None of the injustices committed will be repared, but all of them will be forgotten. Milan Kundera.

Thursday 5 February 2009

Annoying questions, happy answers


Not that I really feel more appreciated since the day I entered my boss' office and said to him I was leaving... (and I did it really, because I've been offered a better job, and not because I'm tired and have decided to change my life). But it's somehow strange that everyday someone says: don't go...
I might say: Ok. I'm not leaving. I'm staying here.
It's simply not going to happen. I think it's been a long time since I last lived two complete years in some place.

In the mean time, the construction work in front of the office are getting me used to the desert sand.

But, this is, as ever, not the thing I wanted to write about. What I wanted to say is that everyone has a different way of addressing the incertitude of this world. There¡s one way that intrigues me specially: there's some people with the compulsion to clasify everything.
Putting everything inside boxes gives a lot of security. Things tend to behave in a similar way than likely things, and thus you can put them in the same class. Until somthing goes wrong, the boxes go to hell, and everything remains torn and burnt.
I do not like to put things into boxes, and I do have a positive tendency to nervousness whenever someone tries to clasiffy my life or its content. For example: are you in love? and, to a confusing; are you afraid of saying it aloud? the next answer is both angry and confusing.
I guess I have things to add to my "things that I don't like" list.
And this time, I have reasons:
- I don't like to classify what can't be classified because it tends to end up wrong.
- it doesn0t spare time
- it doesn't anwer questions, only generates more.

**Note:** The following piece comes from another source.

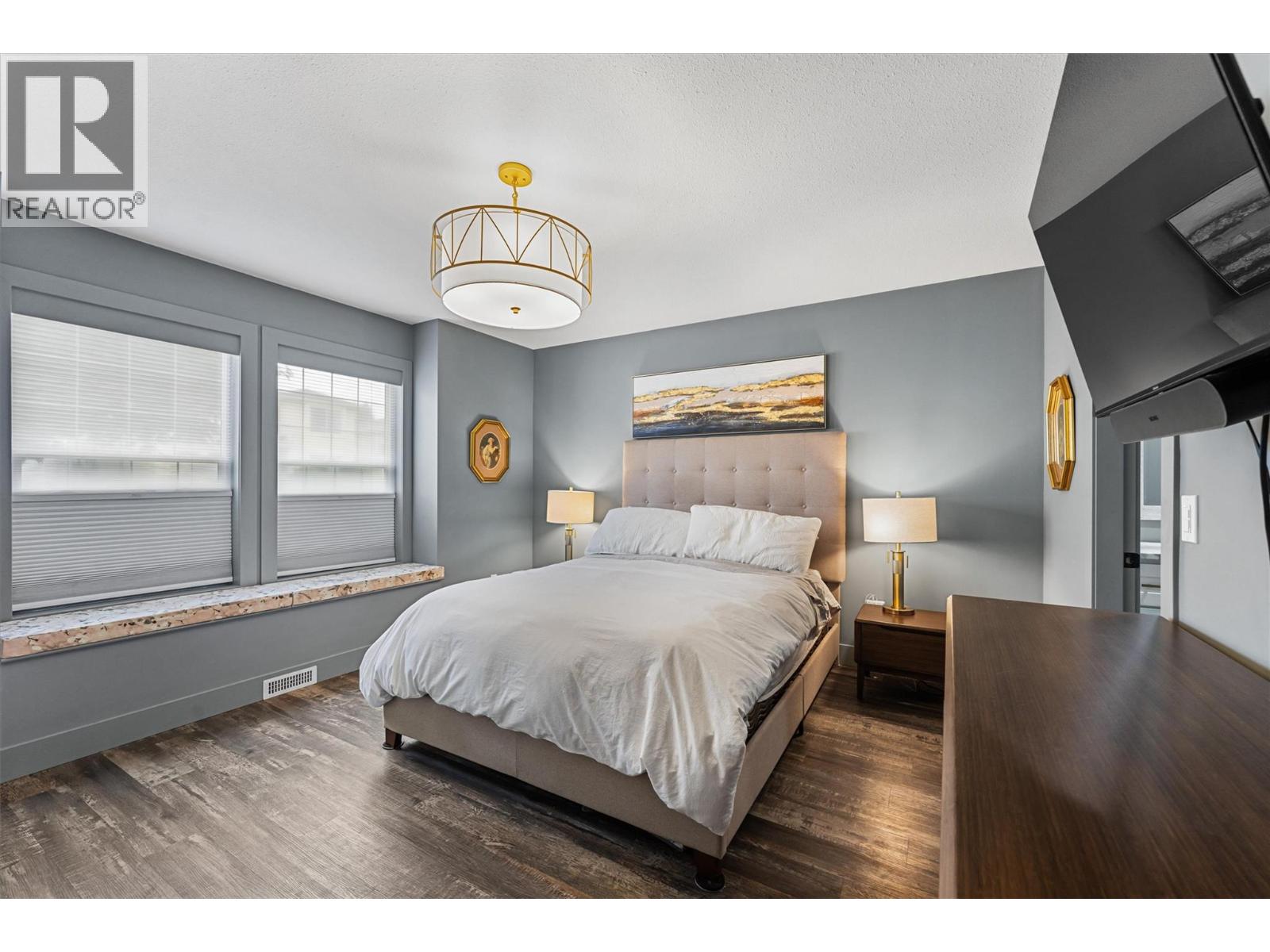 327 2440 Old Okanagan Highway, West Kelowna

I stopped having milestones to achieve a long time ago: I don't have a path full with little stops: 1, buy a car, 2. buy a house, 3. get married, and smaller middlestops... There's no certain way of passing it good or bad, not a lot of things to fulfill as if life was a gimkana. Life is only about living it good, with dignity and being consequent.... and it will end one day, and you won't receive a prize depending on what you achieved.

Thus, I prefer to enjoy things as they come, not worryng much more than necessary to make them work... and now, completely unintentionally and in a vaguely uncomfortable way, I've just answered the million-dollar-question. Sometimes, even annoying questions have a purpose.